Search code examples
rggplot2bubble-chart

Bubble chart basics in ggplot


I am looking to understand the best way to plot bubble charts and it is surprisingly a bit more confusing than I expected.

Take a simple data frame:

library(tidyverse)

bubble_data <- data.frame(x = c(1, 1), y = c(1, 1), size = c(9, 16), type = c("A", "B"))

> bubble_data
  x y size type
1 1 1    9    A
2 1 1   16    B

If we make the size of the plotted bubbles equal to the size variable, then if done correctly, the areas of the plotted bubbles should be in the ratio of 9 to 16, or ~56%.

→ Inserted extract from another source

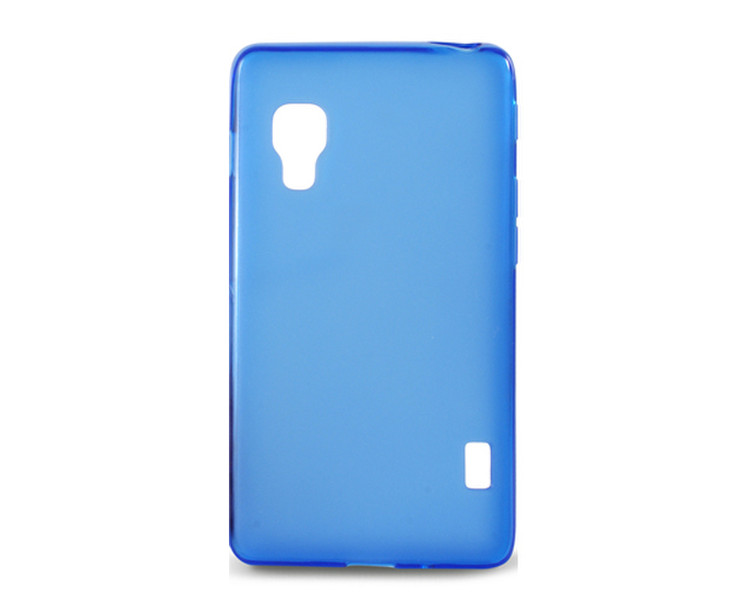 Ksix B4532FTP05 Cover case Синий чехол для мобильного телефона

Plotting we get something that does not look anywhere close to a 56% ratio of the areas (and the bubbles are really small):

ggplot(bubble_data, aes(x = x, y = y, size = size, color = type)) +
  geom_point(alpha = 0.3)

bubble1

So we could create a new variable by scaling the underlying data by taking the square root of the original data (since area is proportional to the square of the radius), and then plot that:

 bubble_data_scaled <- bubble_data %>% 
  mutate(scaled_size = sqrt(size))

> bubble_data_scaled
  x y size type scaled_size
1 1 1    9    A           3
2 1 1   16    B           4

# plot with scaled size
ggplot(bubble_data_scaled, aes(x = x, y = y, size = scaled_size, color = type)) +
  geom_point(alpha = 0.3) 

Which yields a plot that looks pretty much the same as the previous plot

bubble2

Finally, we would use the scale_size_area or scaled size on the original bubble_data data set

ggplot(bubble_data, aes(x = x, y = y, size = size, color = type)) +
  geom_point(alpha = 0.3) +
  scale_size_area()

But this does not seem to yield the correct result either, and one of the bubbles looks a bit offset.

bubble3

Which brings me to my question: What is the correct way to plot a bubble chart where the areas of the bubbles would reflect the correct relative sizes of the underlying data, and how to scale the plot output so that the bubbles are easier to see?

Thanks!


Solution

  • To get bubbles scaled by size, use scale_size_area. To get them bigger change the max_size parameter.

    ggplot(bubble_data, aes(x = x, y = y, size = size, color = type)) +
      geom_point(alpha = 0.3) +
      scale_size_area(max_size = 20, breaks = (0:5)^2)
    

    enter image description here

    As for the offset appearance, that sounds like it's due to the rendering device not using anti-aliasing. This can make lines appear jagged, or shapes to look asymmetric at the pixel level. The default plot window device in windows, for instance, doesn't use anti-aliasing. You can add the ragg device and adjust the settings in RStudio to make that the default for the plot window. Or you can render using ggsave + ragg or cairo to get nice anti-aliasing.

    To get coordinate-scale control over the bubble size (ie to make a bubble "x units wide" in coordinate space, you could use ggforce::geom_circle.